#### Exercise
For this exercise, copy exactly only the lines from the one containing "GANT Men Black Solid Relaxed-Fit Jogger" to the final line of the material below, without the pictures.

[Start of Attachment]

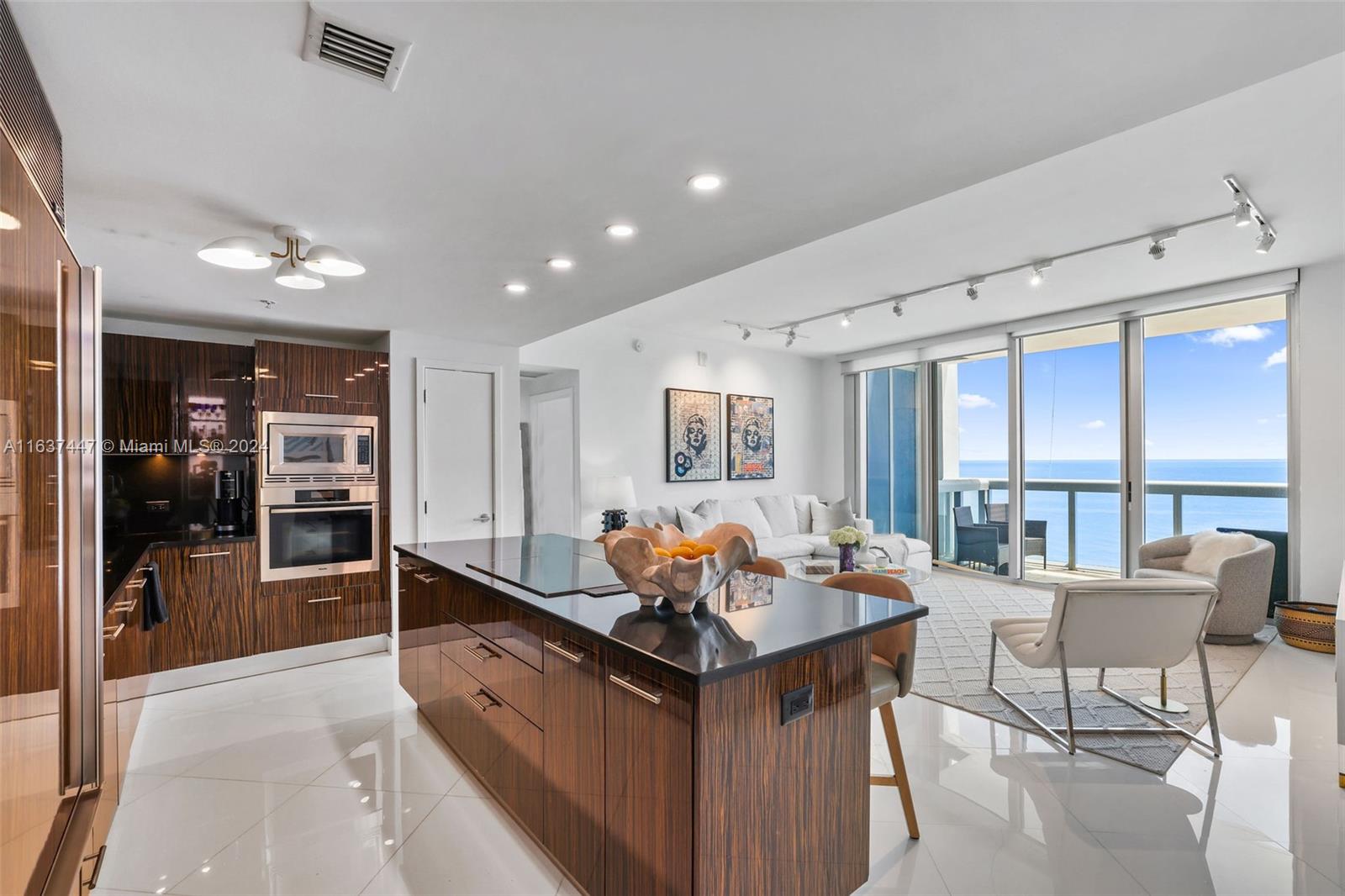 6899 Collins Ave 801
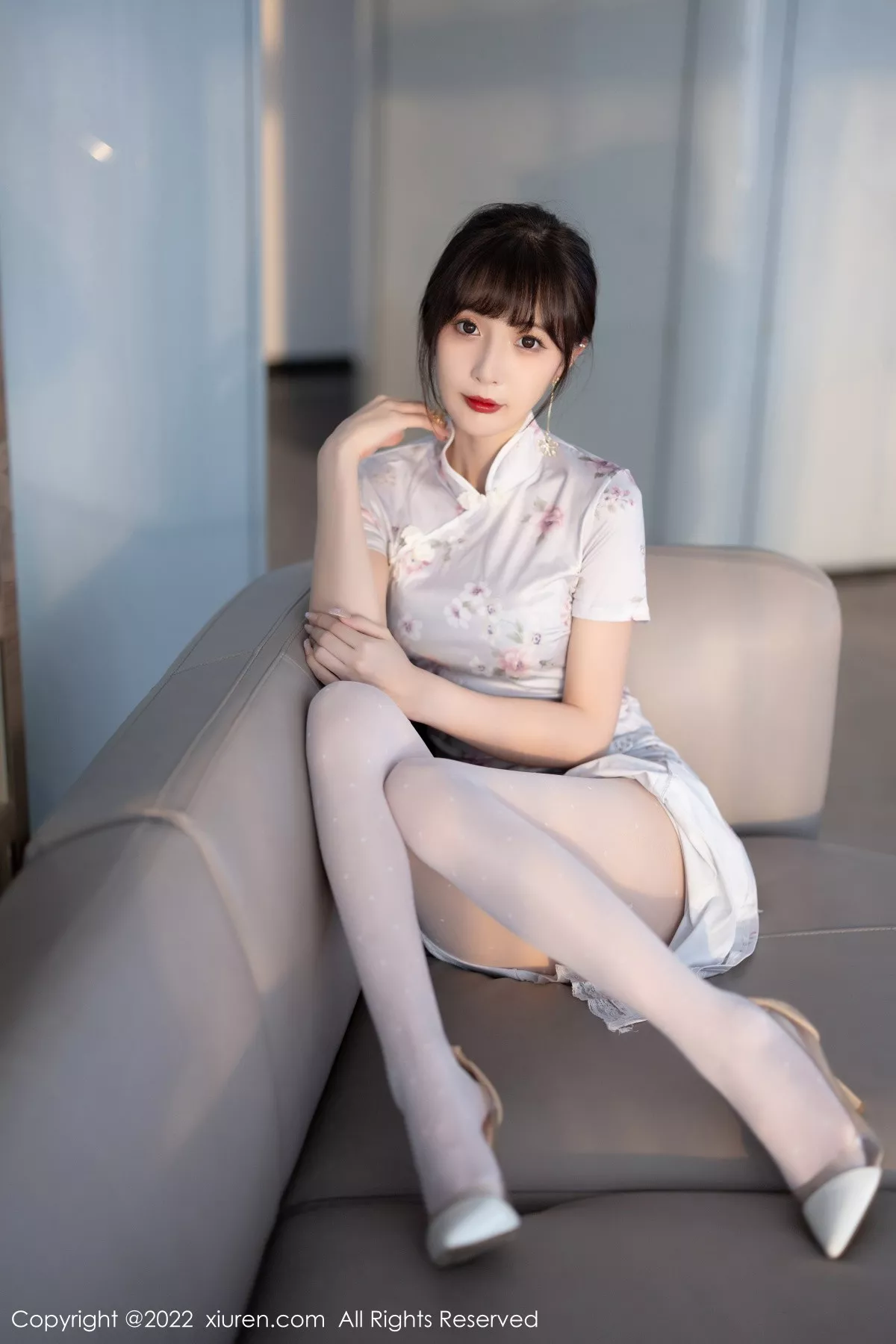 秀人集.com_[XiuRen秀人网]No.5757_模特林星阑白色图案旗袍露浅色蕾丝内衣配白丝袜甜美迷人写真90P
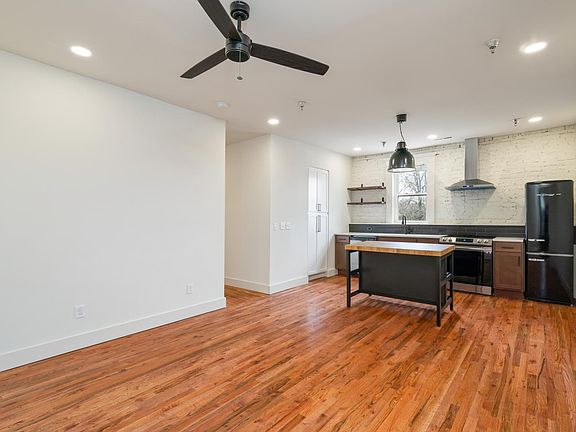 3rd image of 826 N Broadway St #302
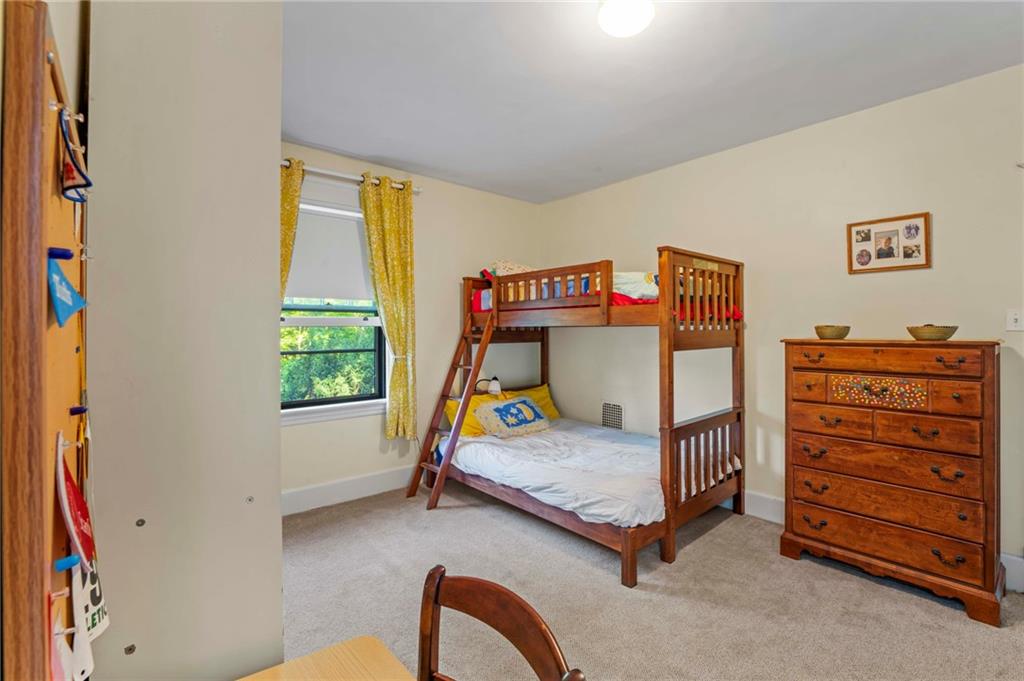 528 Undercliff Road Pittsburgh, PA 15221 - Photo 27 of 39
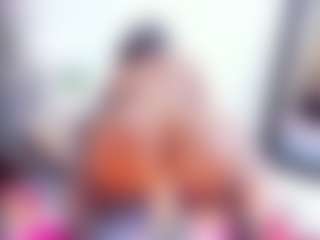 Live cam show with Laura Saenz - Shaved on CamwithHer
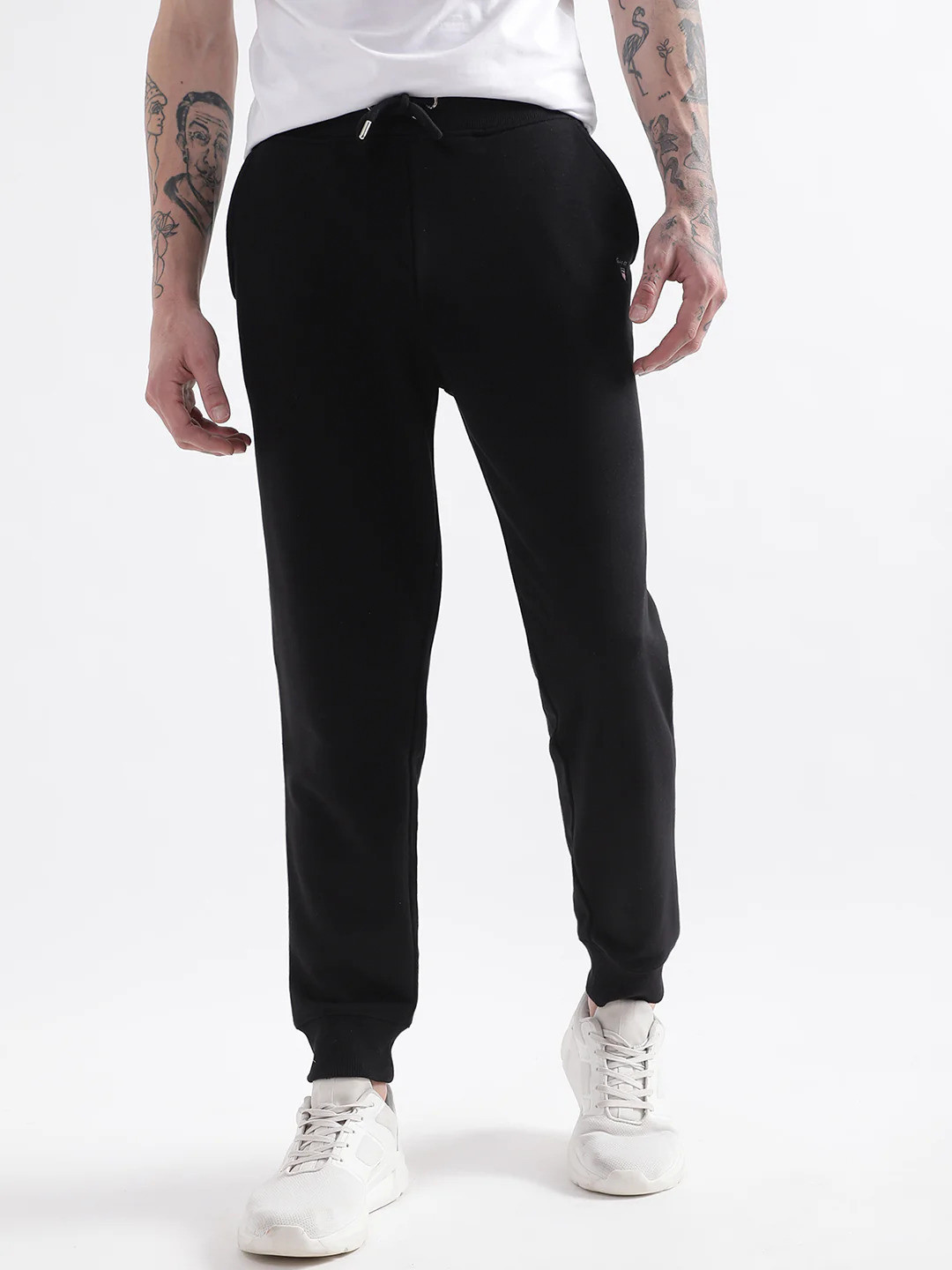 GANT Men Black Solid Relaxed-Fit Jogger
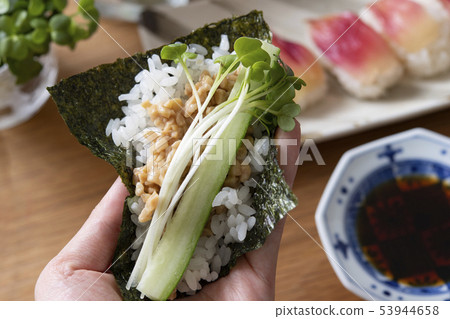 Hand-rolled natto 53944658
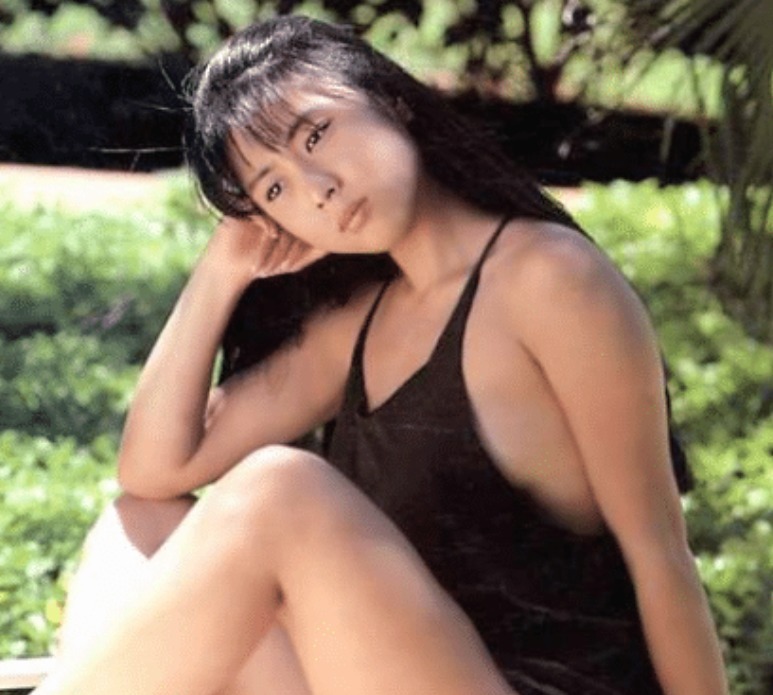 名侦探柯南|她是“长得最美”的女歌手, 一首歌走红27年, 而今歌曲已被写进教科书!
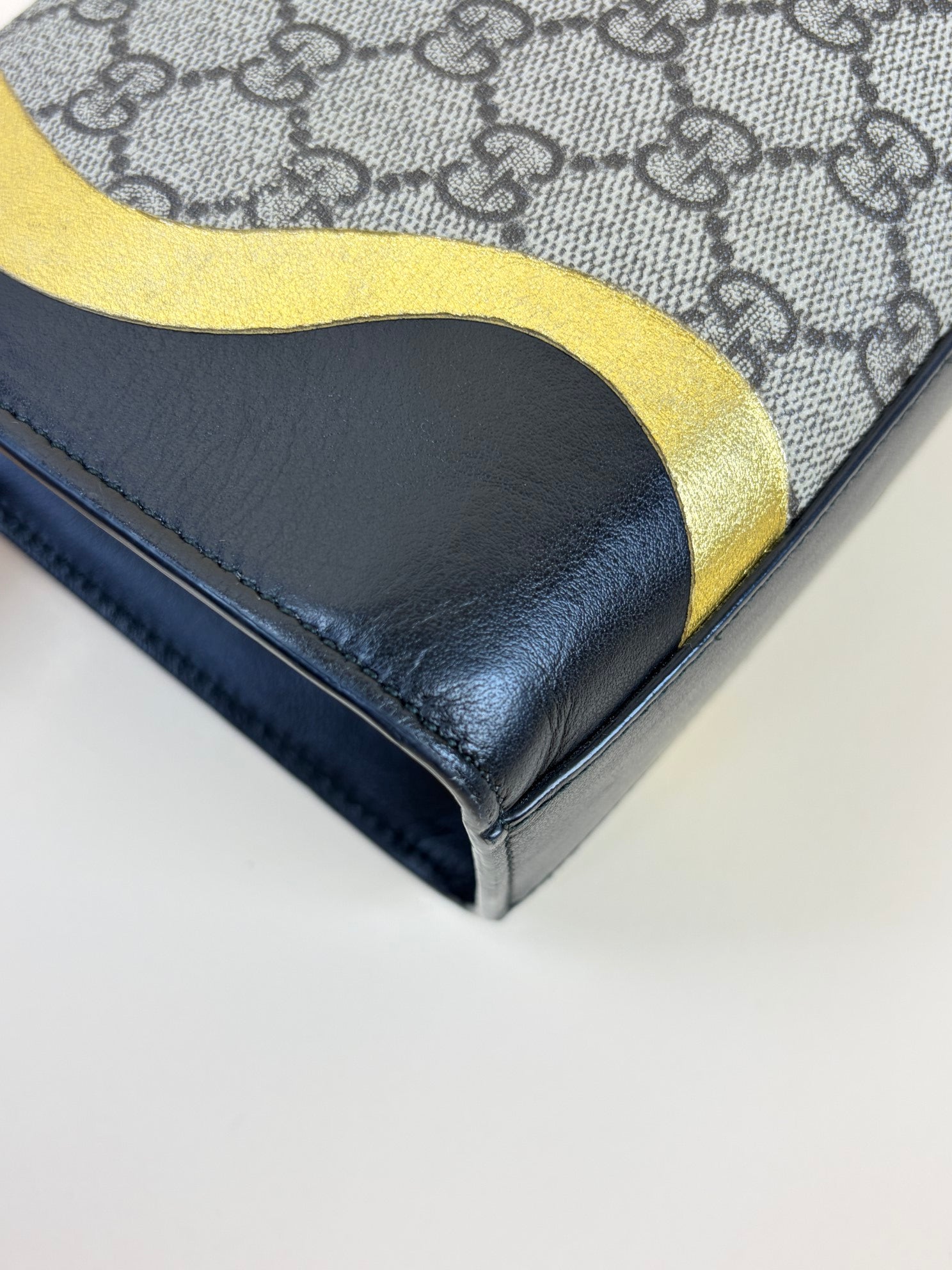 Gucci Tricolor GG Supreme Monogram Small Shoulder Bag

[End of Attachment]

#### Result for this exercise
 GANT Men Black Solid Relaxed-Fit Jogger
 Hand-rolled natto 53944658
 名侦探柯南|她是“长得最美”的女歌手, 一首歌走红27年, 而今歌曲已被写进教科书!
 Gucci Tricolor GG Supreme Monogram Small Shoulder Bag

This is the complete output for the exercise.